TO DO - Among the lines below, keep only those from the one containing "2021 PRESTIGE 420 FLY" through the one containing "Palloza, logement traditionnel, maintenant", and reproduce them exactly.

┌─ DATA SUPPLIED

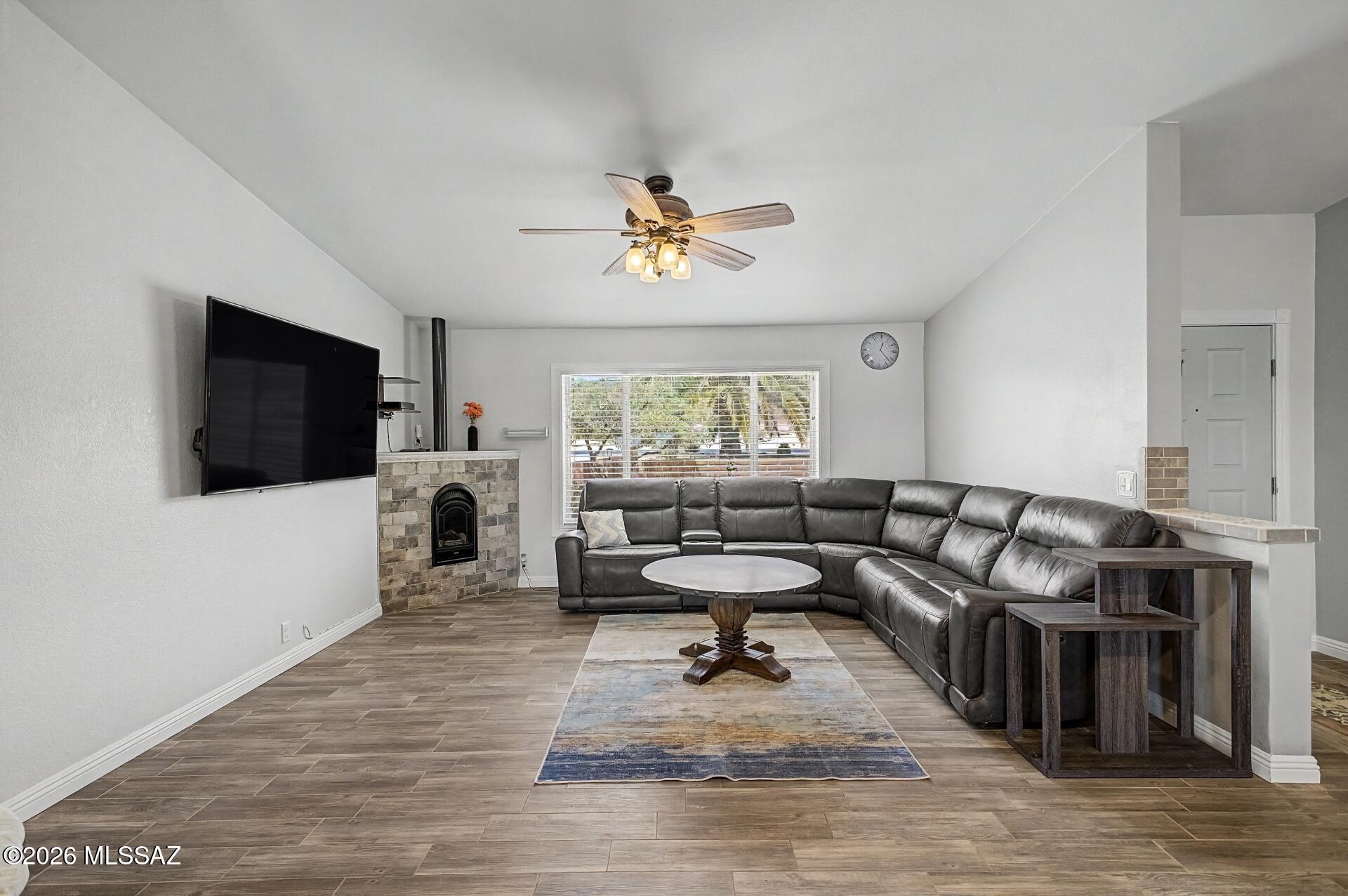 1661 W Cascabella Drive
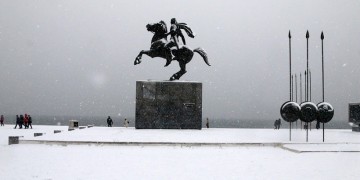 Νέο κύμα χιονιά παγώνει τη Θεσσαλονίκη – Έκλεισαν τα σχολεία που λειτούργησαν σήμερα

└─
┌─ DATA SUPPLIED

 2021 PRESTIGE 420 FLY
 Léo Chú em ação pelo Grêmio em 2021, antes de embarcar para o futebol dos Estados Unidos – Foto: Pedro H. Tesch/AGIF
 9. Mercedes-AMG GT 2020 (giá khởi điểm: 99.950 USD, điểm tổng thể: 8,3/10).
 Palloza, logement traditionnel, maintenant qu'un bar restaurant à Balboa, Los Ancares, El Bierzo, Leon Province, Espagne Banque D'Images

└─

TASK RESULT -
 2021 PRESTIGE 420 FLY
 Léo Chú em ação pelo Grêmio em 2021, antes de embarcar para o futebol dos Estados Unidos – Foto: Pedro H. Tesch/AGIF
 9. Mercedes-AMG GT 2020 (giá khởi điểm: 99.950 USD, điểm tổng thể: 8,3/10).
 Palloza, logement traditionnel, maintenant qu'un bar restaurant à Balboa, Los Ancares, El Bierzo, Leon Province, Espagne Banque D'Images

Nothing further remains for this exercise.